REQUIRED WORK: Return all of the entries word for word, but omit the pictures they contain.

Dataset records
BEGIN
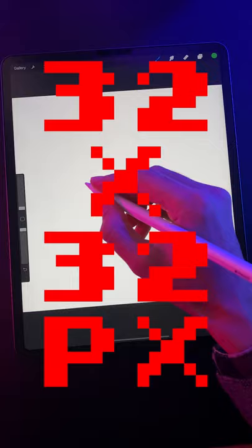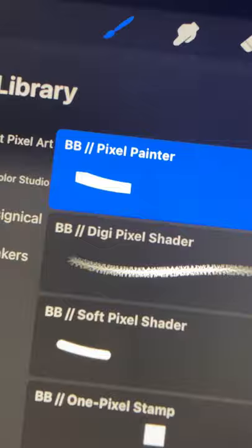Step 1: Download this free pixel brush set from BardotBrush.com and open up the 32x32 pixel canvas that comes with the set.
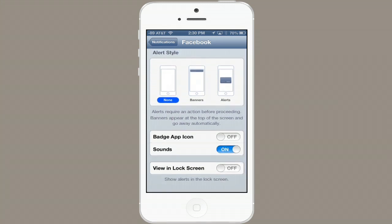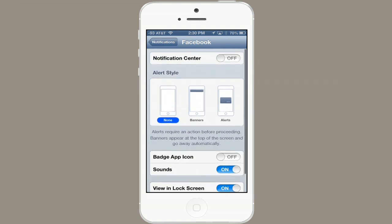Switch that on and you may also want to switch on View and Lock Screen. If you want it to be in the Notification Center, switch it on and you can also change the alert style.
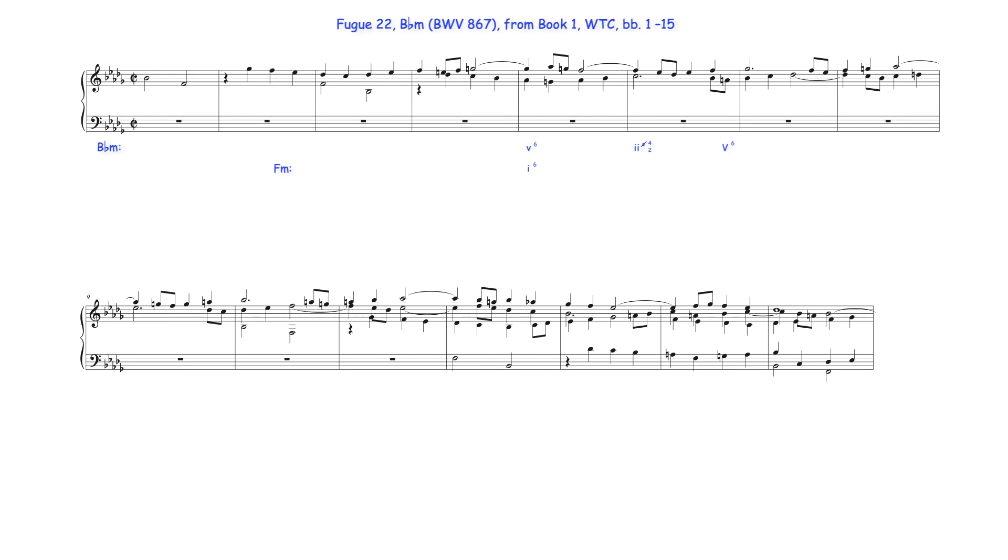B-flat minor's dominant then resolves to first inversion G-flat major submediant harmony which harmonizes the tetrachord sixth degree with the chromatic sixth degree G harmonized with the first inversion G diminished submediant chord.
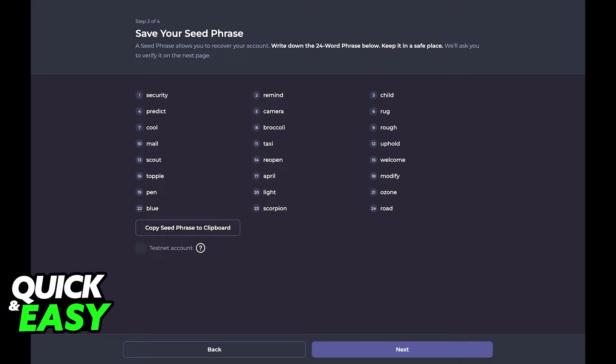Here you have to make a seed phrase by selecting 24 words to create it. Keep it in a safe place and save it as you're going to use this to recover your account if needed.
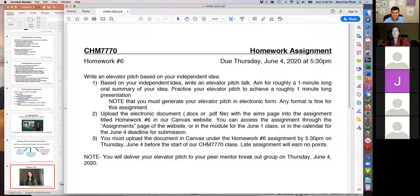Thanks for coming to class — sorry about the technical difficulties at the beginning. We'll be posting the video later so you can always go back and look. Have great breakout sessions! Please use some of the principles we talked about today to talk with your group and get effective feedback. It's really great to see you guys in breakout sessions.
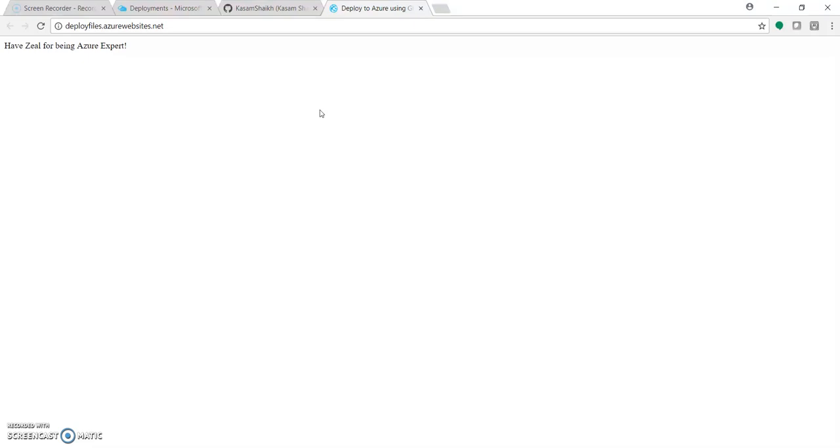Hope you have enjoyed this video and learned something about how to deploy files. These files could be anything — your Python application, your MVC application, your Angular application. Of course, some configuration at the web app end may be needed, but for deploying things, this is a super cool feature provided by Azure App Service. Do subscribe to my channel, like this video, share it, and happy Azure coding!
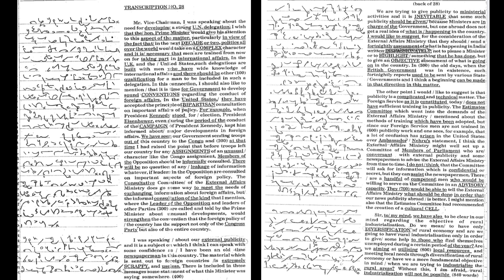In this connection, I should also like to mention that it is time for government to develop sound conventions regarding the conduct of foreign affairs. In the United States, they have accepted the principle of bipartisan consultation on important affairs of policy.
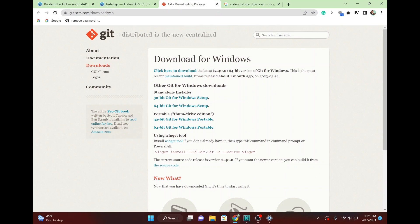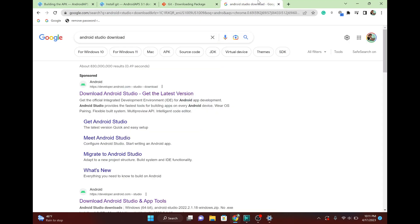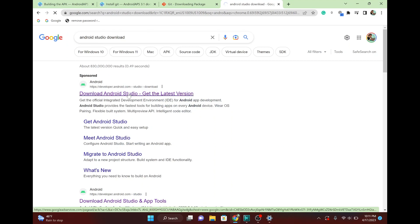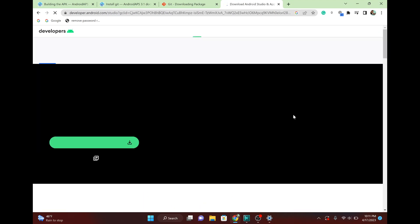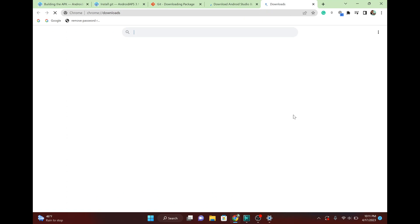And then while that's downloading and getting set up, do the same thing for Android Studio. You're just going to Google Android Studio download. And then click on that and download it. I already have these downloaded, but I just downloaded them yesterday, April 16th. So if you're doing it anywhere close to that, this will be the exact same. But even if it's updated, the process is going to be more or less the exact same.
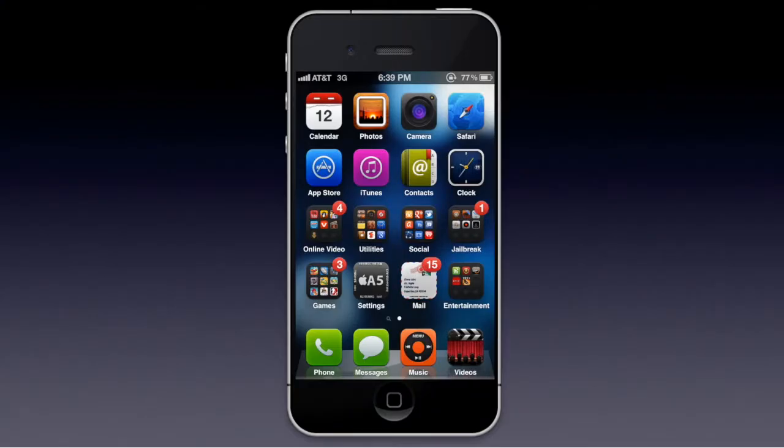Hello, Internet. Today I am going to teach you — or show you — if you have an iPhone 4S, or if you have a jailbroken iPad, iPod, or earlier generation iPhone and you put Spire on it, which allows you to have Siri, I'm not sure if this works with it too, but it definitely works on jailbroken iOS 5 iPhone 4Ss.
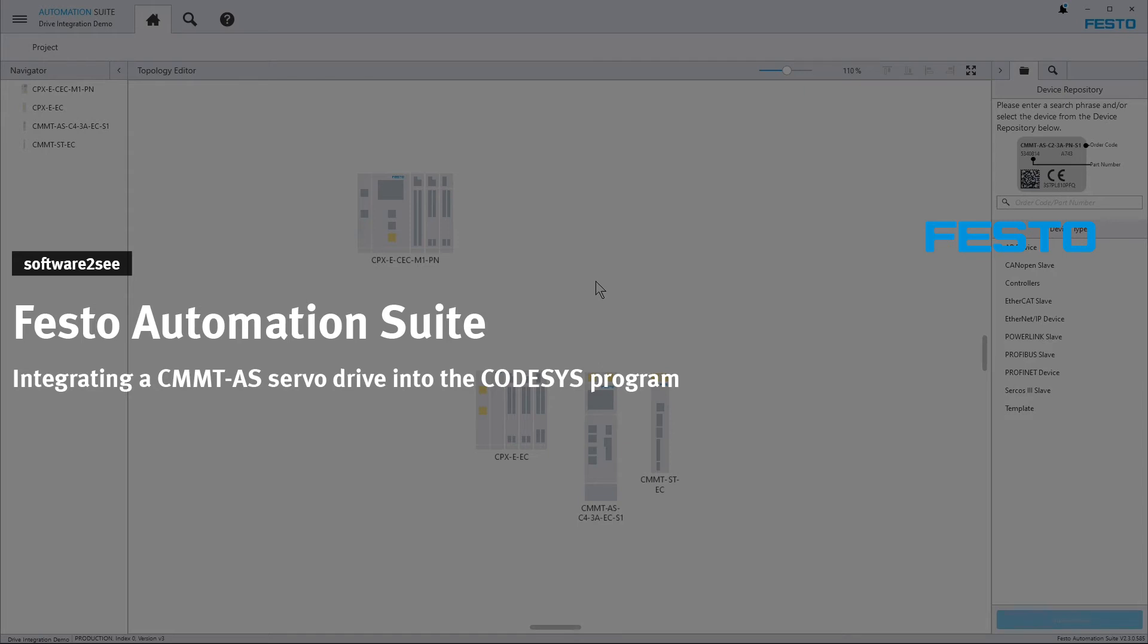Hello and welcome to Software2C from Festo. In this video you will see how you can integrate a Festo servo drive into a Festo PLC program.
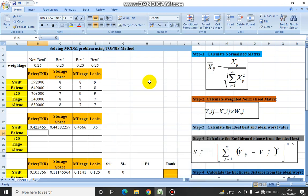Hello everyone. In this session we are going to learn how we can use the TOPSIS method to rank our performance parameters. For example, in this case we have been given a set of hatchback cars, for which we have been given the price, storage space, mileage, and looks. For the three columns — storage space, mileage, and looks — it has been rated out of 10.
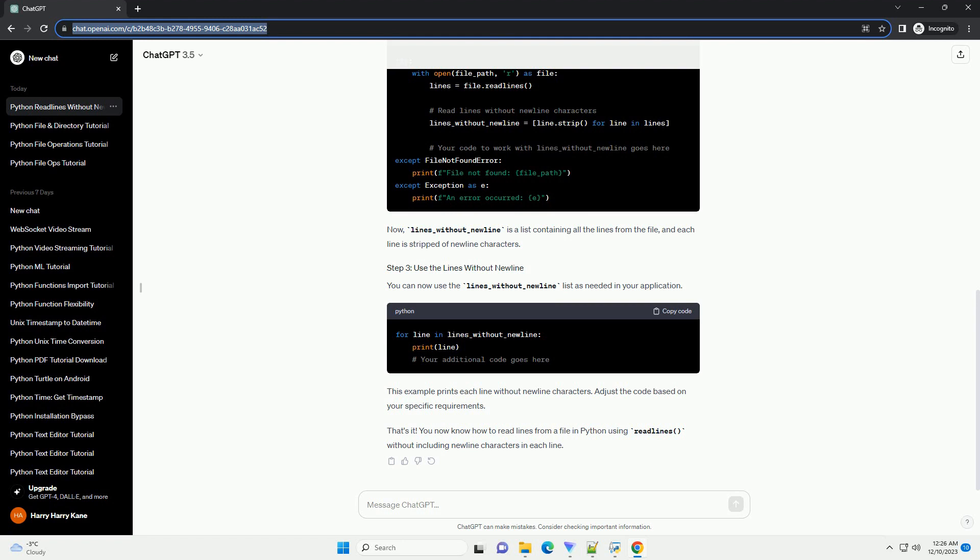You can now use the lines_without_newline list as needed in your application. This example prints each line without newline characters. Adjust the code based on your specific requirements.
END
WRITTEN SOLUTION:
Step 1: Download this free pixel brush set from BardotBrush.com and open up the 32x32 pixel canvas that comes with the set.
Switch that on and you may also want to switch on View and Lock Screen. If you want it to be in the Notification Center, switch it on and you can also change the alert style.
B-flat minor's dominant then resolves to first inversion G-flat major submediant harmony which harmonizes the tetrachord sixth degree with the chromatic sixth degree G harmonized with the first inversion G diminished submediant chord.
Here you have to make a seed phrase by selecting 24 words to create it. Keep it in a safe place and save it as you're going to use this to recover your account if needed.
Thanks for coming to class — sorry about the technical difficulties at the beginning. We'll be posting the video later so you can always go back and look. Have great breakout sessions! Please use some of the principles we talked about today to talk with your group and get effective feedback. It's really great to see you guys in breakout sessions.
Hope you have enjoyed this video and learned something about how to deploy files. These files could be anything — your Python application, your MVC application, your Angular application. Of course, some configuration at the web app end may be needed, but for deploying things, this is a super cool feature provided by Azure App Service. Do subscribe to my channel, like this video, share it, and happy Azure coding!
In this connection, I should also like to mention that it is time for government to develop sound conventions regarding the conduct of foreign affairs. In the United States, they have accepted the principle of bipartisan consultation on important affairs of policy.
And then while that's downloading and getting set up, do the same thing for Android Studio. You're just going to Google Android Studio download. And then click on that and download it. I already have these downloaded, but I just downloaded them yesterday, April 16th. So if you're doing it anywhere close to that, this will be the exact same. But even if it's updated, the process is going to be more or less the exact same.
Hello, Internet. Today I am going to teach you — or show you — if you have an iPhone 4S, or if you have a jailbroken iPad, iPod, or earlier generation iPhone and you put Spire on it, which allows you to have Siri, I'm not sure if this works with it too, but it definitely works on jailbroken iOS 5 iPhone 4Ss.
Hello and welcome to Software2C from Festo. In this video you will see how you can integrate a Festo servo drive into a Festo PLC program.
Hello everyone. In this session we are going to learn how we can use the TOPSIS method to rank our performance parameters. For example, in this case we have been given a set of hatchback cars, for which we have been given the price, storage space, mileage, and looks. For the three columns — storage space, mileage, and looks — it has been rated out of 10.
You can now use the lines_without_newline list as needed in your application. This example prints each line without newline characters. Adjust the code based on your specific requirements.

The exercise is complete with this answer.